● **Work to complete**:
Give back an exact copy of the lines in the records below, from the line that has "Anime Gojo Satoru" through the line that has "THE MIZ SIGNED", and nothing besides.

○ ○ ○ ○

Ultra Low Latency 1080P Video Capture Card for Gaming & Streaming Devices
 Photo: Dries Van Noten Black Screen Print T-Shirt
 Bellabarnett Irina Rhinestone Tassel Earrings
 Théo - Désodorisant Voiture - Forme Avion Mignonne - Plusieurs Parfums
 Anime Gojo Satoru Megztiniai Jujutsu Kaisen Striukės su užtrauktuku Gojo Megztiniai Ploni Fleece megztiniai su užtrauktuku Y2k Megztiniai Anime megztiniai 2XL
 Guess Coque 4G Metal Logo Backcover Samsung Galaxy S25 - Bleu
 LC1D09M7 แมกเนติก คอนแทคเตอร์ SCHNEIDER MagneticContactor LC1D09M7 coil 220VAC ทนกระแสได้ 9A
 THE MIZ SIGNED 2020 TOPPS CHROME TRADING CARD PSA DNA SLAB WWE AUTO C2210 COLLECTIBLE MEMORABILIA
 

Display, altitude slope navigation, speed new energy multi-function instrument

○ ○ ○ ○

● **Final answer**:
 Anime Gojo Satoru Megztiniai Jujutsu Kaisen Striukės su užtrauktuku Gojo Megztiniai Ploni Fleece megztiniai su užtrauktuku Y2k Megztiniai Anime megztiniai 2XL
 Guess Coque 4G Metal Logo Backcover Samsung Galaxy S25 - Bleu
 LC1D09M7 แมกเนติก คอนแทคเตอร์ SCHNEIDER MagneticContactor LC1D09M7 coil 220VAC ทนกระแสได้ 9A
 THE MIZ SIGNED 2020 TOPPS CHROME TRADING CARD PSA DNA SLAB WWE AUTO C2210 COLLECTIBLE MEMORABILIA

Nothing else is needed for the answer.